Transferring Personal Data Overseas Under the PIPL

While it's fine to send personal data overseas, you must comply with certain rules to do so.

Most importantly, you can't transfer personal data outside China unless you have a lawful basis for sharing the data and you get an individual's specific, informed consent to the transfer.

• There should be sufficient security measures in place to protect any data before, during, and after the transfer
• You must keep a clear record of any overseas data transfers you make
• Before you make the transfer, you should conduct an impact assessment to consider any risks involved in sharing the data

You should check for additional guidance from the Cyberspace Administration of China (CAC) before making any overseas transfers.

Reporting Data Breaches

The rules for data breach reporting can be found in Article 57.

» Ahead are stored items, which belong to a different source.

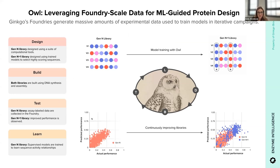We use the OWL platform to train a suite of supervised models and optimize their performance, with the goal of having the models learn the sequence-to-activity relationships. These models are then used to design new protein sequences — we take these predictions and design a new library around them.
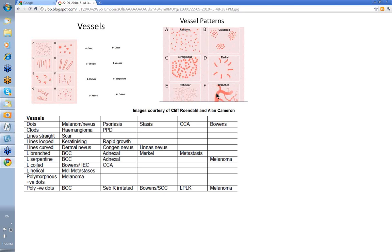The patterns probably most important to us are the branched pattern in BCC, but also in any rapidly growing tumor. The serpiginous dot pattern that you see in clear cell acanthoma, and this radial pattern that you'll see in some adnexal tumors and sebaceous hyperplasia.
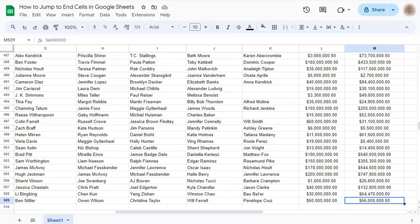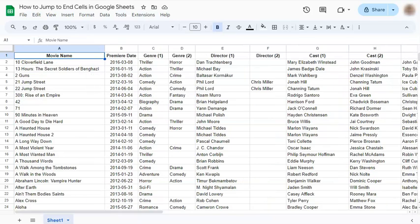And our cell range would be from A1 to M509, and that's how easy it is to jump to end cells in Google Sheets. Thanks for watching. If you found this video helpful, do leave a like and subscribe for more helpful videos. See you on the next one.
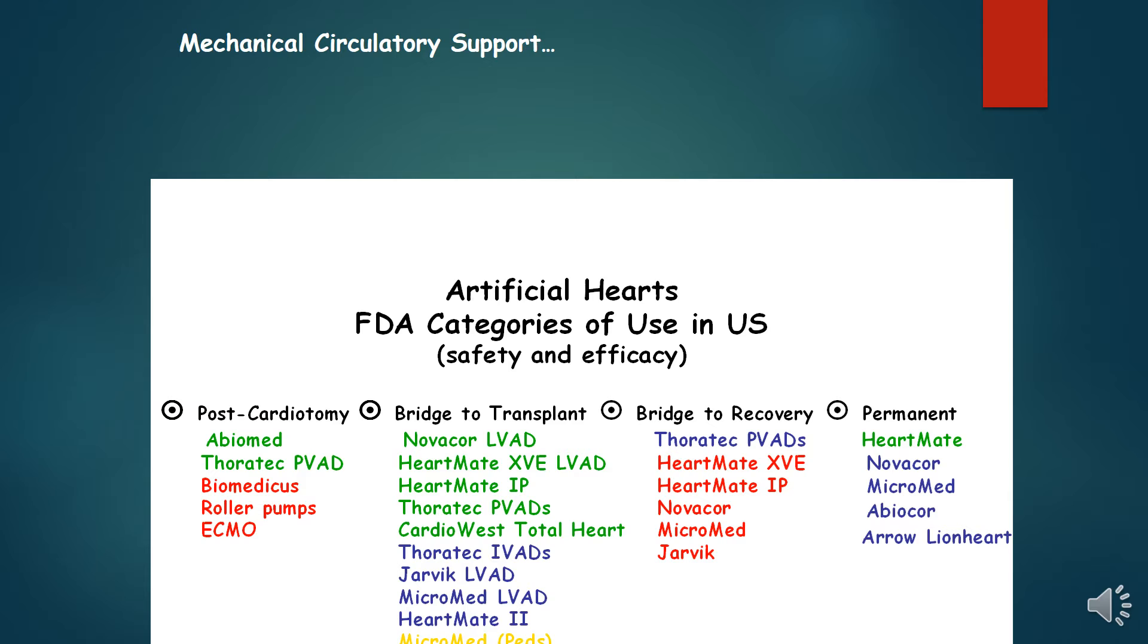Bridge to Recovery: The strategy of device implantation to promote offloading of the heart and myocardial recovery. Some patients can recover sufficiently to allow explantation of the left-sided VAD. Typically this occurs in a minority of patients.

In summary, you must inform the department performing data protection duties if you know or suspect that personal data has been lost, leaked, or compromised in some way. You should set out:

• What information was (or may) have been compromised
• Any steps you took to limit the damage or remedy the situation e.g. fixing a security malfunction
• How the department can contact you to discuss the breach further

You don't need to inform individuals unless actual harm has been caused, or the relevant department believes that harm will be caused.

Obligations for Personal Data Processors

As a company processing personal data, you have certain obligations under PIPL which can be summarised as follows:

• You must implement a secure system for processing and managing personal information
• You can't process personal data without appropriate security safeguards in place e.g. encryption and de-identification
• It's crucial that you provide regular training and cybersecurity guidance to staff
• Compliance audits must be completed at regular intervals
• You must abide by any other security requirements introduced by the PIPL

And, finally, you must remember that you need a lawful basis for processing personal data. Your responsibilities are set out in more detail in Article 51 of the Law:

Penalties for Breaching the PIPL

The financial penalties for breaching the PIPL can be steep, and they apply if you break the law or fail to take sufficient steps to protect personal data in your possession. You might also face a court action from affected individuals if you fail to let them exercise their privacy rights under the PIPL.

• You will normally be contacted by a regulatory body and given the chance to fix the problem before fines apply
• If you fail to fix the problem, you could be fined up to RMB 1 million (approx. $154,000)
• Individuals can also be held personally liable, depending on the nature of the breach

If the breach is sufficiently serious, then you might face additional sanctions, such as:

• Seizure of income
• Business closure
• Fines of up to 5% of your annual revenue

Given how severe these penalties can be, you should get legal advice if you're worried about meeting your PIPL compliance obligations.

Conclusion

China's Personal Information Protection Law (PIPL) is a huge step forward for Chinese privacy law. The law is designed to help people protect their personal and sensitive data, and to ensure companies take appropriate steps to safeguard any data provided to them.

• Companies need a lawful basis for processing any personal data.
• Individuals can sue companies who refuse to let them exercise their privacy rights.
• You need additional consent for processing sensitive data or sharing it with external entities.
• It's a breach of the law to send data overseas without performing an impact assessment.
• Data breaches must be reported to the appropriate authorities and, where appropriate, affected individuals.
• Failing to fix any data breaches flagged by regulatory bodies could result in steep financial penalties.

Ensure compliance by:

• Obtaining clear, free, and informed consent wherever necessary
• Drafting a Privacy Policy to explain what rights users have, and how they may exercise them
• Report data breaches as soon as you're aware of them, and take steps to mitigate damage
• Comply with any orders set out by the regulatory bodies
• Keep an eye on the law for any changes or updates. It's relatively new, so further guidance will likely appear as time goes on.